Reproduce the listing word for word. Skip any image.

_Given information_
============================================================

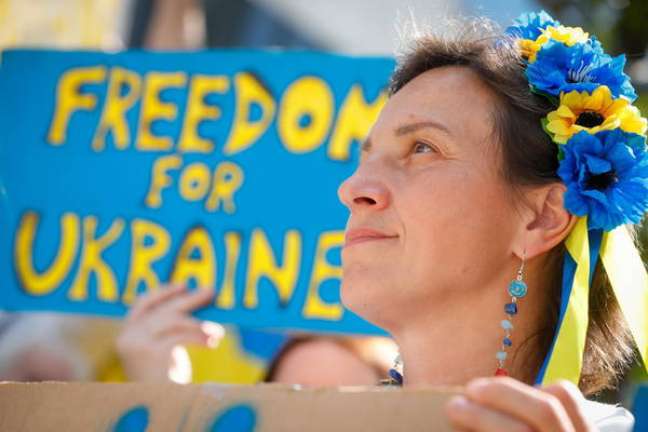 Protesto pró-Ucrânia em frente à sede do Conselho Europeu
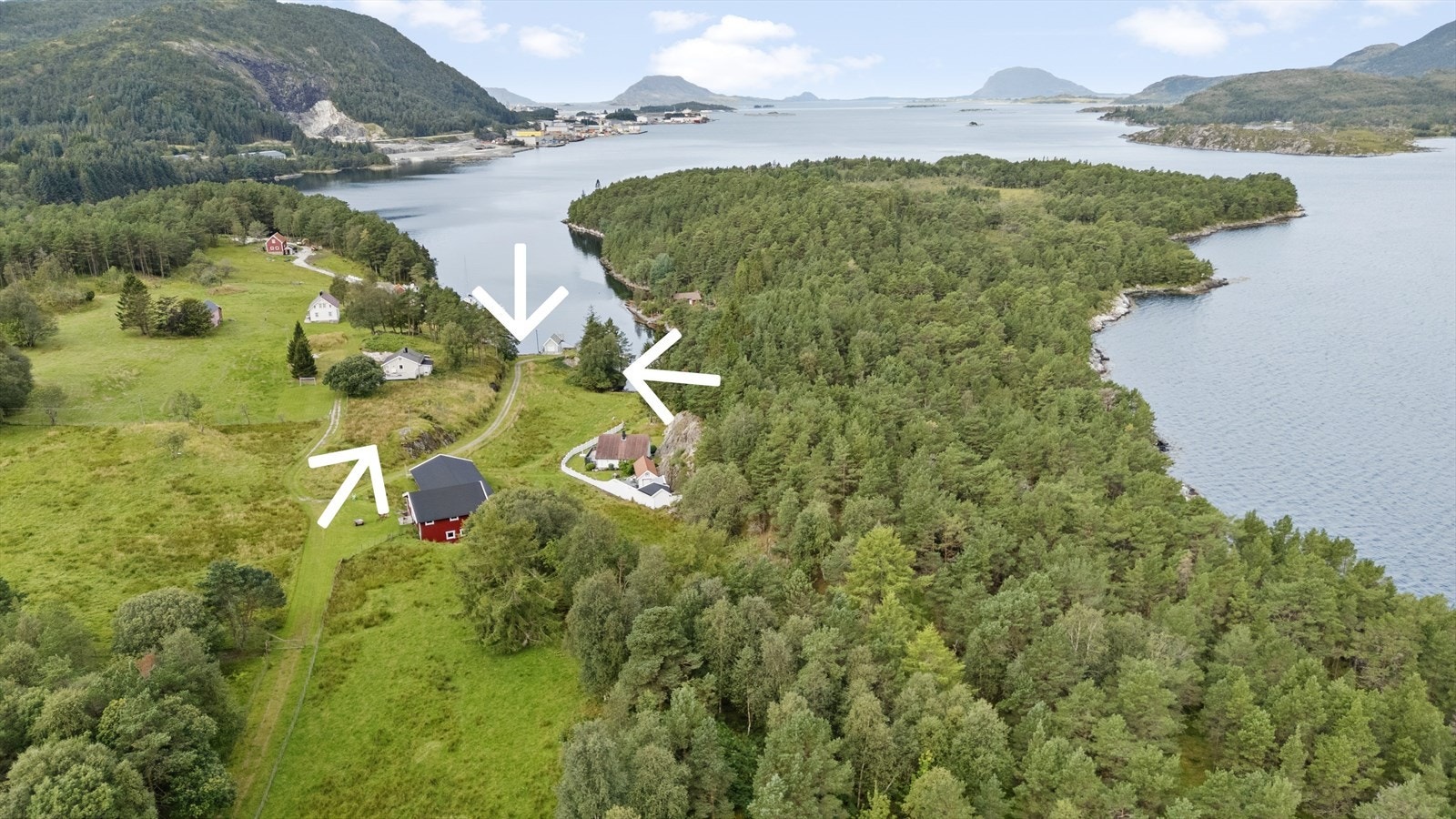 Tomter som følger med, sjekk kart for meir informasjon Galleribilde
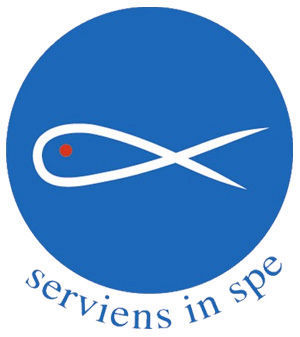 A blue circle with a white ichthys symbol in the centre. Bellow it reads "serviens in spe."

============================================================

_Reply_
 Protesto pró-Ucrânia em frente à sede do Conselho Europeu
 Tomter som følger med, sjekk kart for meir informasjon Galleribilde
 A blue circle with a white ichthys symbol in the centre. Bellow it reads "serviens in spe."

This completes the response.